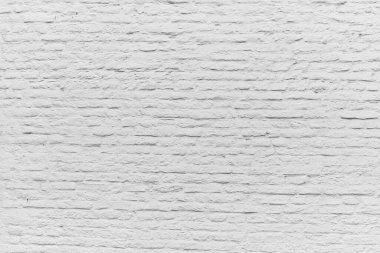  Boyanmış beyaz tuğla duvar yüzey arkaplanı 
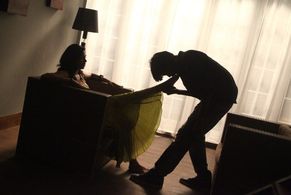 Manisha Yadav and Santhosh Ramesh in Aadhalal Kadhal Seiveer (2013)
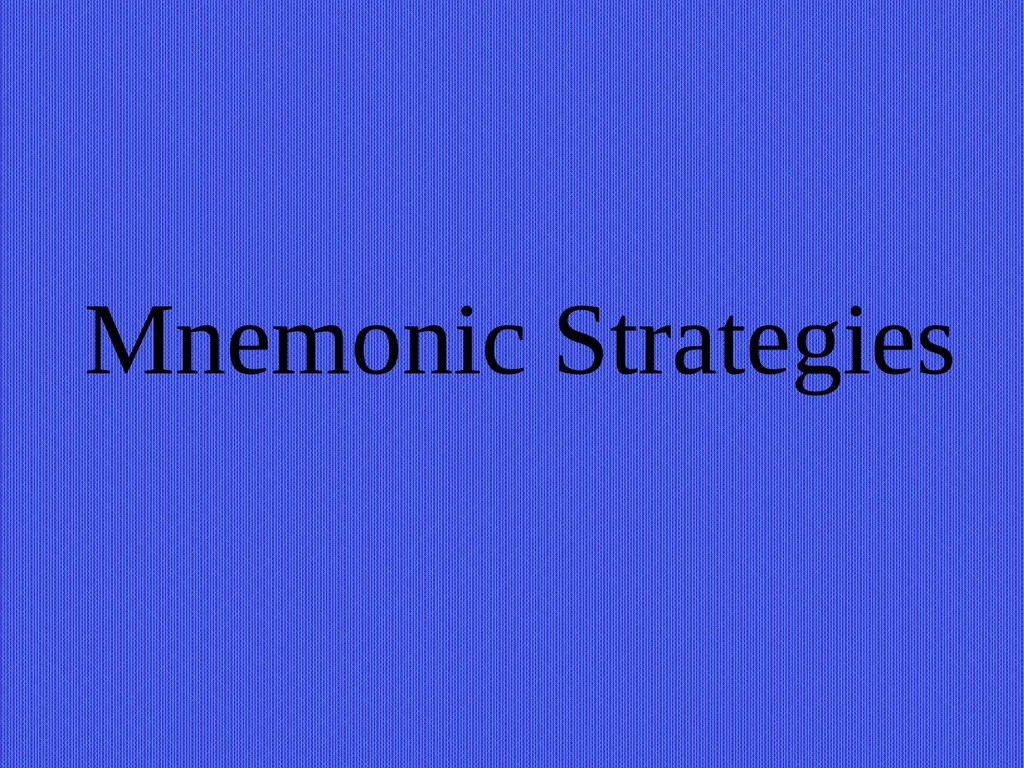 Teaching by Fostering Learning Strategies EDU 221 - slide 6 of 22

Problem to solve
Starting at the line that contains "Manisha Yadav and", retype each line through the final one in the listing, with both ends kept and the pictures omitted.

Your response
 Manisha Yadav and Santhosh Ramesh in Aadhalal Kadhal Seiveer (2013)
 Teaching by Fostering Learning Strategies EDU 221 - slide 6 of 22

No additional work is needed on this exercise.